▸ Problem statement: Leaving out all pictures, write down exactly the lines from the one containing "Breaking Cat News" through the last line of the material.

▸ Material supplied:
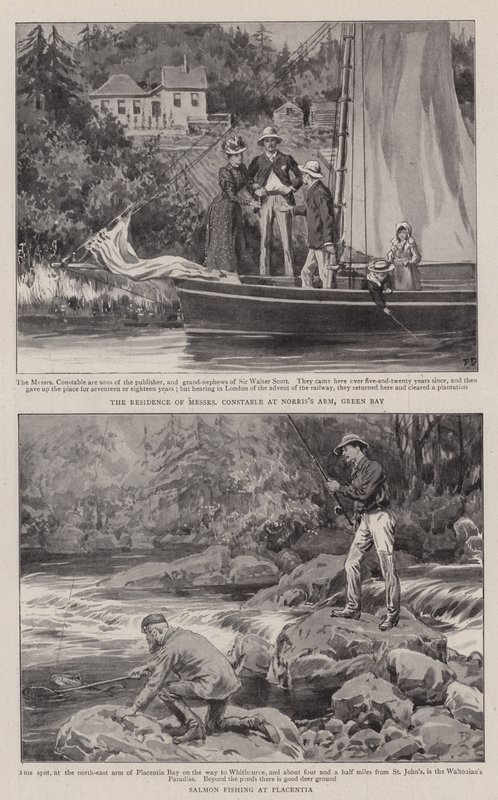 Jordbruk och idrott i Newfoundland av Frank Dadd
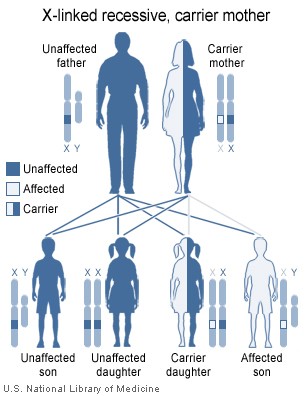 http://upload.wikimedia.org/wikipedia/commons/a/a3/XlinkRecessive.jpg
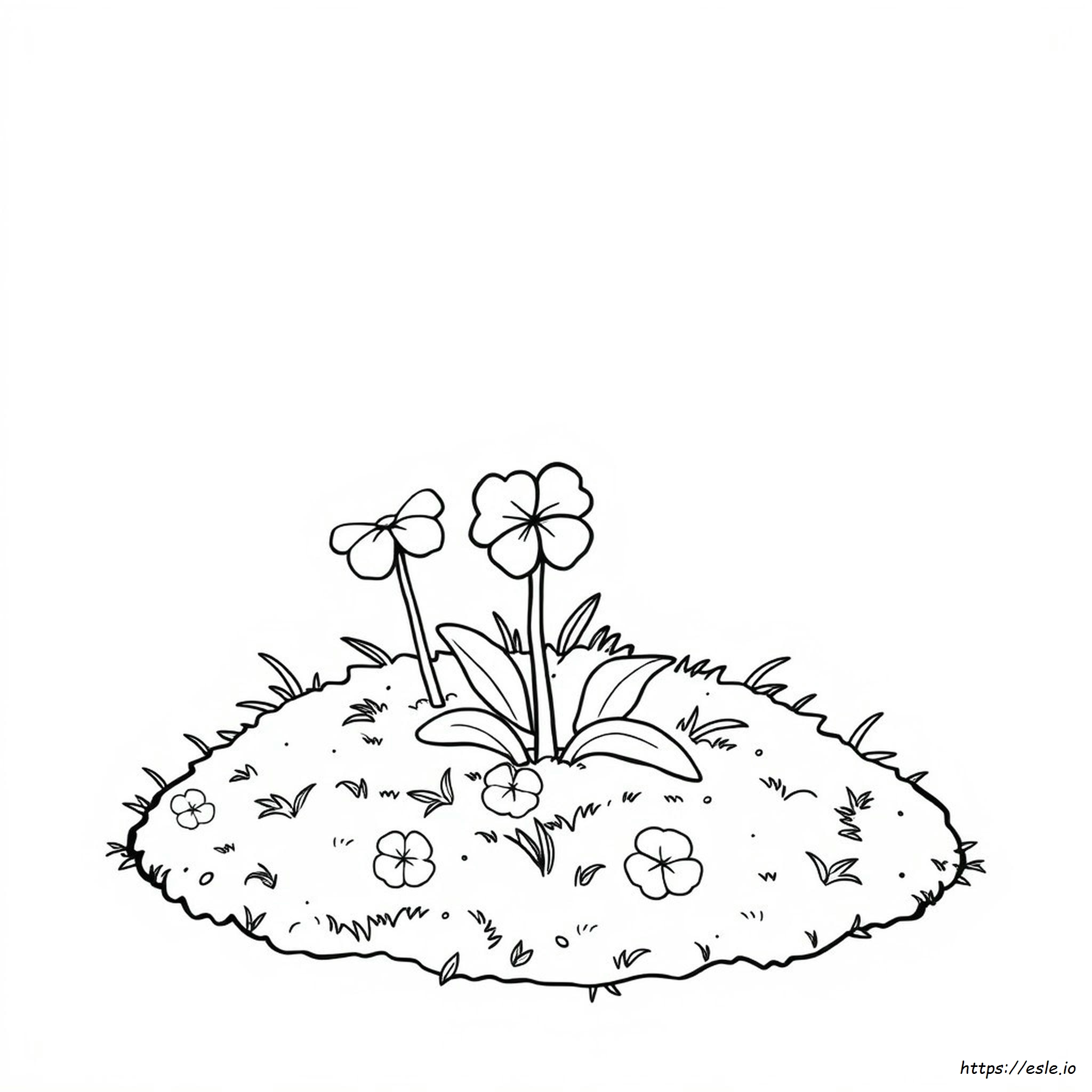 Free Coloring Pages Of Shamrocks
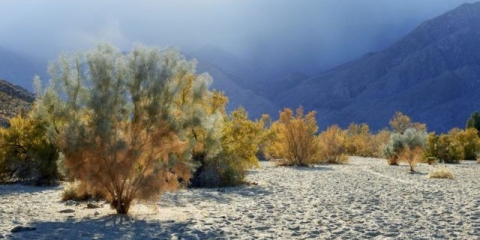 Obična kožarska skumpija: sadnja i njega na otvorenom, fotografije u pejzažnom dizajnu, recenzije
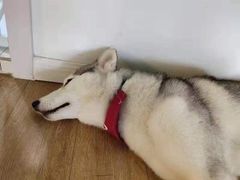 -Husky Go! 哈士奇体验馆·宠物咖啡厅狗咖
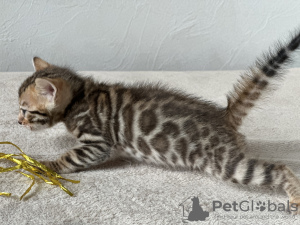 Additional photos: Bengal kittens from titled parents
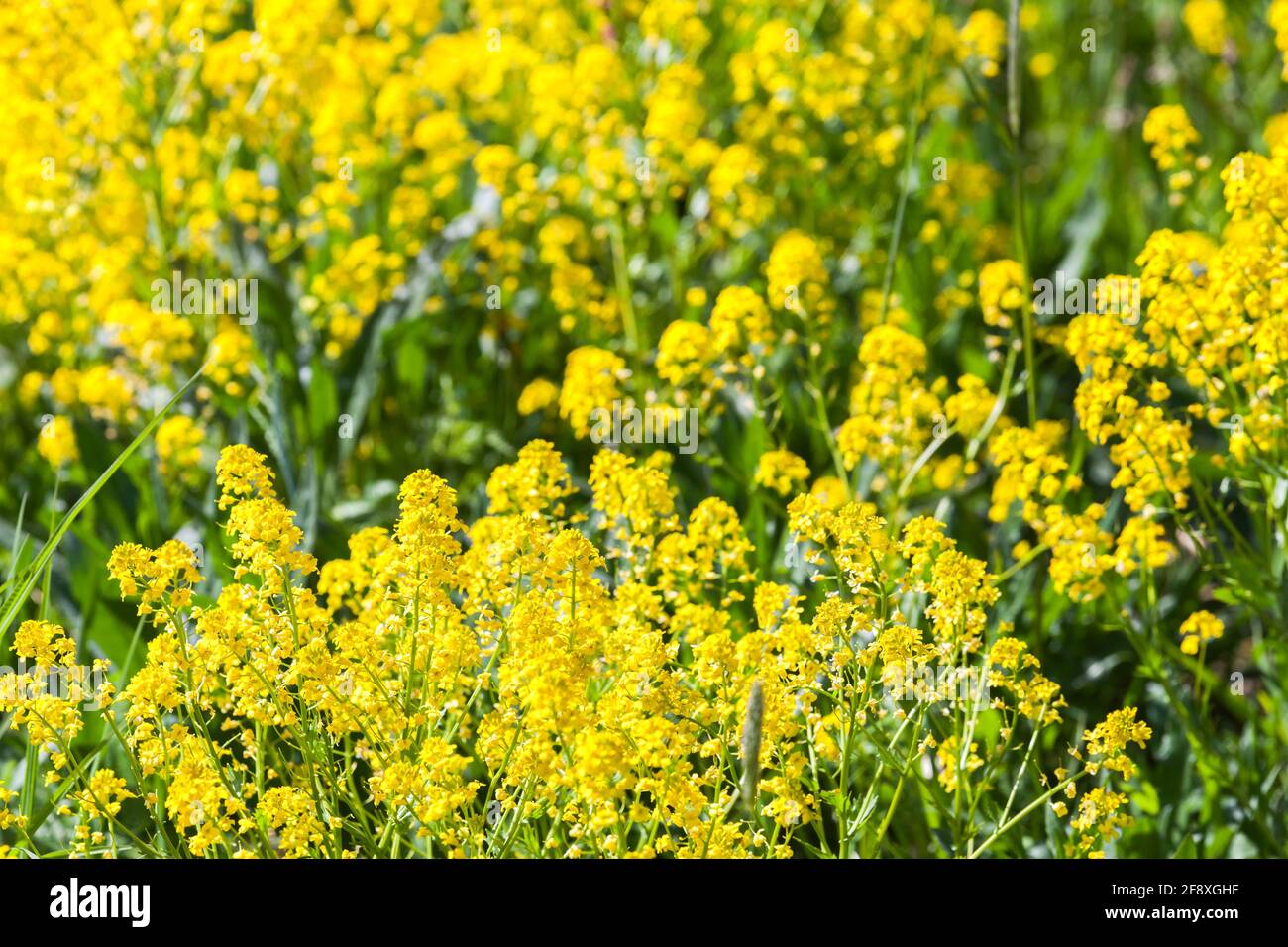 Yellow flowers of Barbarea vulgaris on a sunny summer day, closeup photo with selective focus Stock Photo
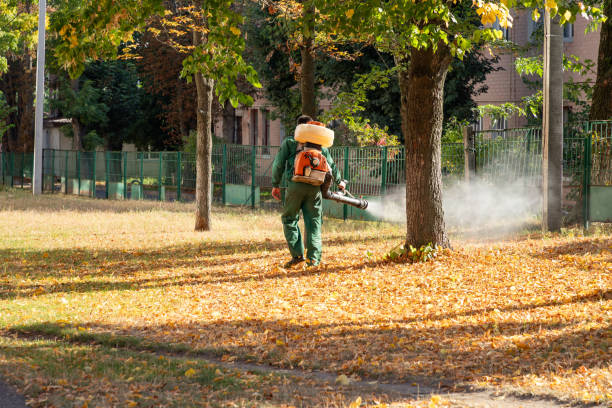 Best Local Pest Control Services  in Martins Additions, MD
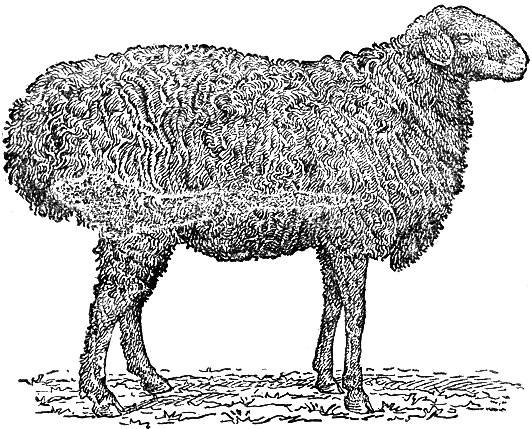 Овцы Эдильбаевской породы, описание внешнего вида и характеристики продуктивности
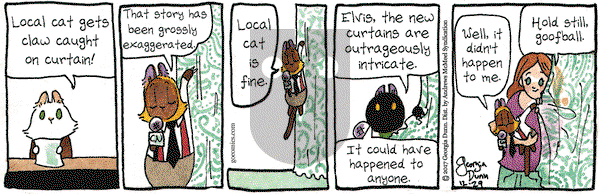 Breaking Cat News on Friday December 29, 2017 Comic Strip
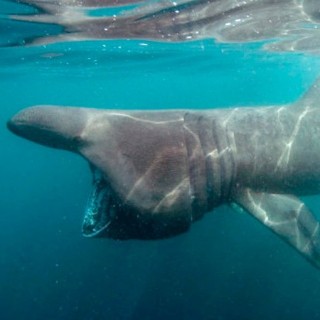 Basking shark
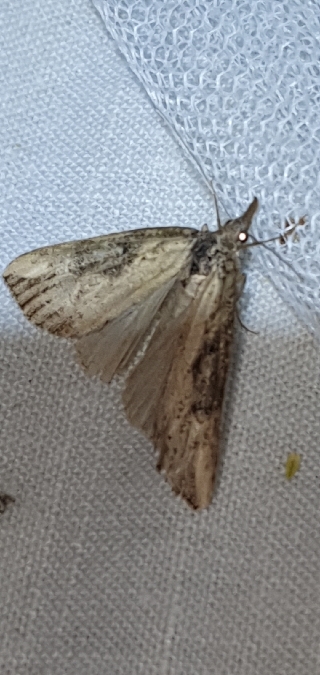 Hypena obesalis  - Melchior Viallet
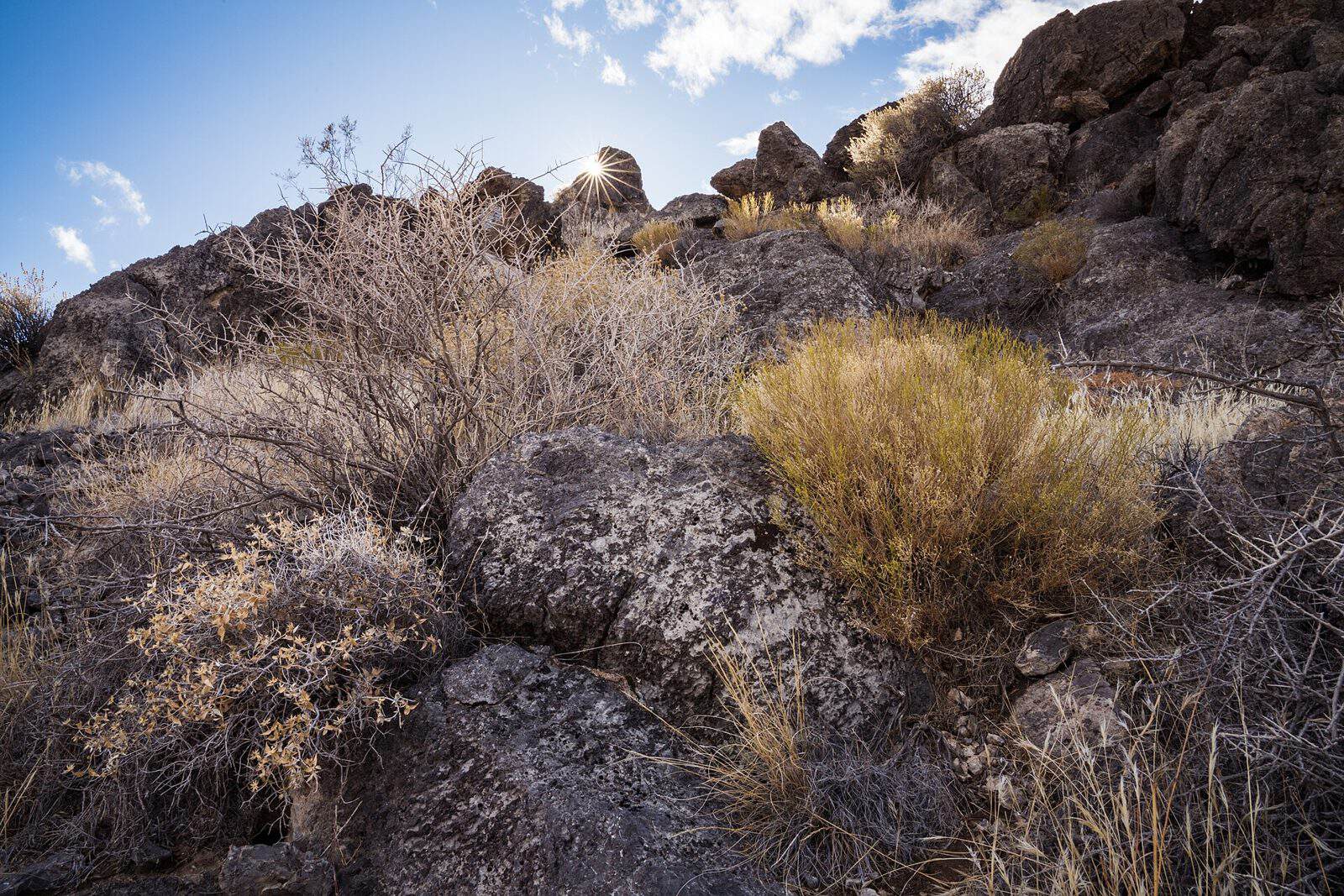 Pahrump Valley Wilderness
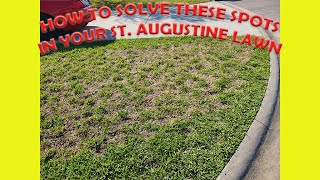 What Are And How To Solve Brown And Dead Spots In St. Augustine Grass!!!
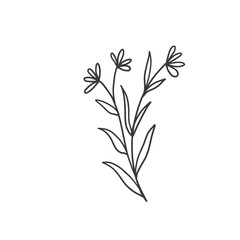 Flower vintage Baroque scroll Victorian floral ornament engraved retro pattern rose peony tattoo filigree vector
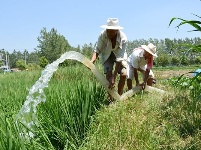 【镜头】离离暑云散 袅袅凉风起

▸ Exercise result:
 Breaking Cat News on Friday December 29, 2017 Comic Strip
 Basking shark
 Hypena obesalis  - Melchior Viallet
 Pahrump Valley Wilderness
 What Are And How To Solve Brown And Dead Spots In St. Augustine Grass!!!
 Flower vintage Baroque scroll Victorian floral ornament engraved retro pattern rose peony tattoo filigree vector
 【镜头】离离暑云散 袅袅凉风起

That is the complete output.